Gorgeous, gorgeous boy!


----------



## tattoogirl73 (Jun 25, 2011)

he's growing up so fast. he is a stunning boy :001_wub::001_wub:


----------



## Sarah+Hammies (Jul 20, 2009)

Aww he's lovely


----------



## Lynn1959 (Aug 11, 2010)

Kinjilabs said:


> He's lovely


Thank you.


----------



## Lynn1959 (Aug 11, 2010)

SixStar said:


> Gorgeous, gorgeous boy!


Thank you I see you have a Bernese too.


----------



## Lynn1959 (Aug 11, 2010)

tattoogirl73 said:


> he's growing up so fast. he is a stunning boy :001_wub::001_wub:


Thank you shame his brain isn't catching up with his body.


----------



## Lynn1959 (Aug 11, 2010)

Sarah+Hammies said:


> Aww he's lovely


Thank you.


----------



## kate_7590 (Feb 28, 2009)

Dillon really is lovely 
Nice to see you here Lynn x


----------



## Lynn1959 (Aug 11, 2010)

kate_7590 said:


> Dillon really is lovely
> Nice to see you here Lynn x


Hi and thank you some names are very familiar.
Must try not to stay away so long this time.


----------



## harrys_mum (Aug 18, 2010)

wow hes stunning.
michelle x


----------



## JordanRose (Mar 10, 2012)

What a beautiful boy! :001_wub:


----------



## jenny armour (Feb 28, 2010)

now that ikswhat i call a dog


----------



## emmaviolet (Oct 24, 2011)

Oh my word he is just so beautiful!!!

What a lovely boy!


----------



## Luz (Jul 28, 2012)

Oh no not another Bernese Mountain Dog!

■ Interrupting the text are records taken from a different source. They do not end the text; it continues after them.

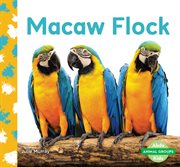 Macaw flock cover image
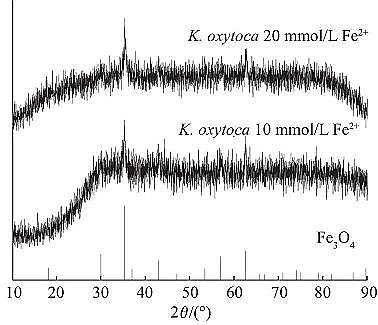 Ʒ|ĩ۠̿aSVƂ{F䌦׻{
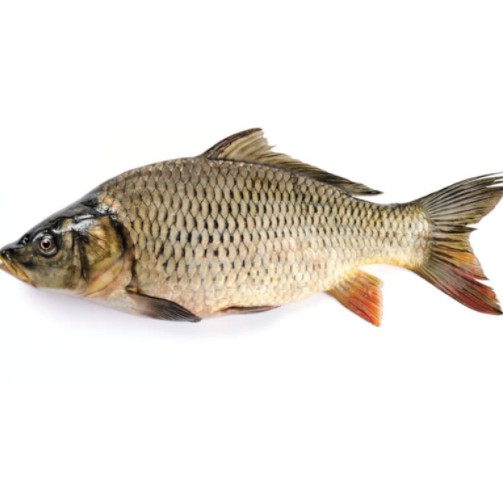 

Ikan Mas ~500gr [Sudah dibersihkan, Frozen]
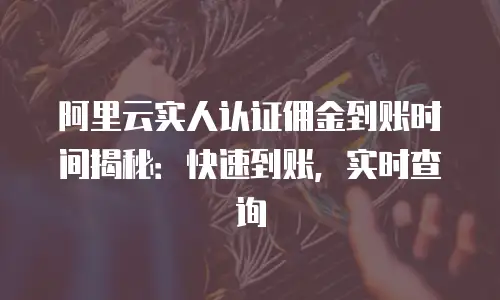阿里云实人认证佣金到账时间揭秘：快速到账，实时查询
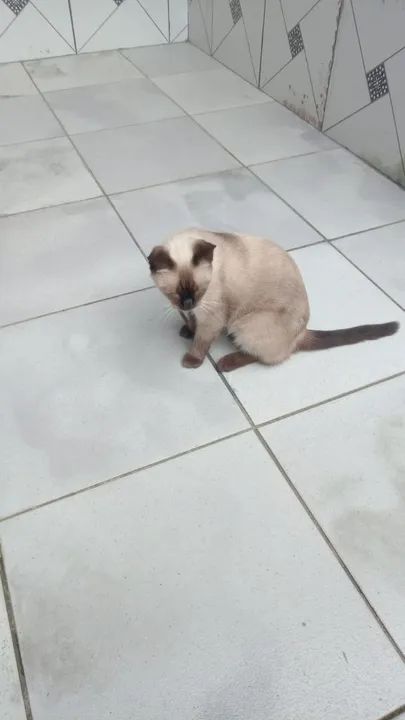 Gato Siames lindo, dócil e brincalhão - Foto 3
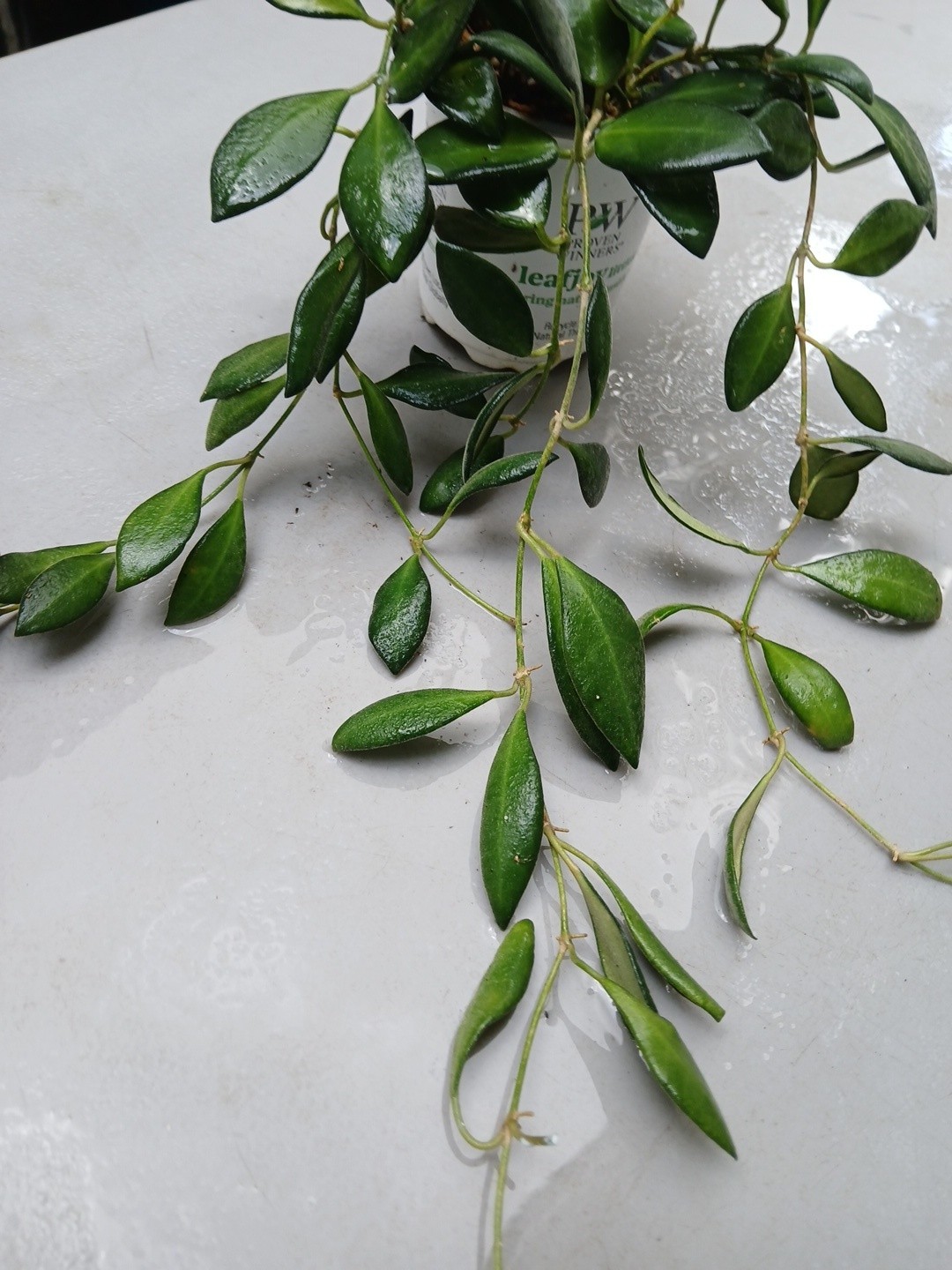 #124- HOYA BURTONIAE VARIEGATED LIVE PLANTS, FULL POT PLANTS,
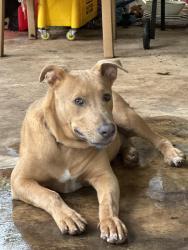 Found/Stray Male Dog last seen Southwest High School, San Antonio, TX 78252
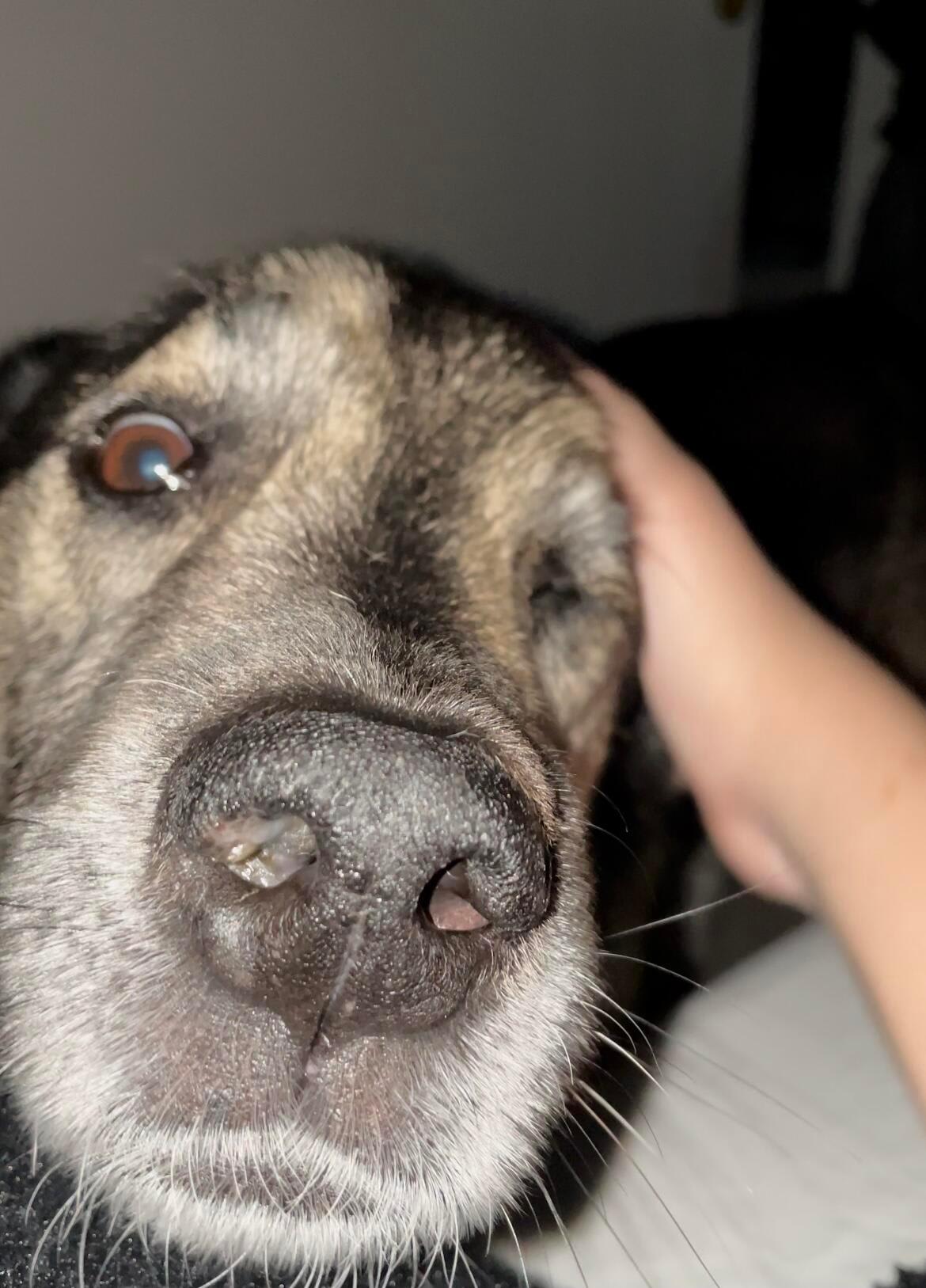 Question details sensitive content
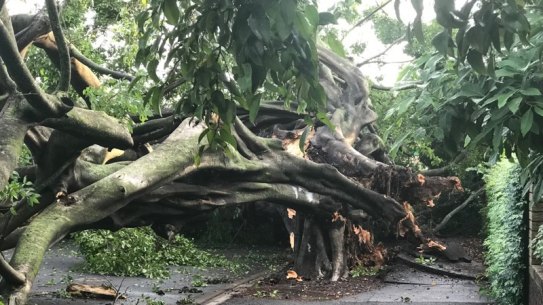 A tree across Sandgate Road at Clayfield on Tuesday morning after further storms and heavy rain for south-east Queensland.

I am so JEALOUS. He is GORGEOUS! :001_tt1: I want to adopt an old BMD. But having to wait till OH has got used to having 3 dogs first!


----------



## mrsaxlrose (Oct 28, 2009)

A holy terror? Surely not. Looks like butter wouldn't melt


----------



## Kezz (Nov 2, 2012)

Aw, he's gorgeous, I have a Dillon too, great name


----------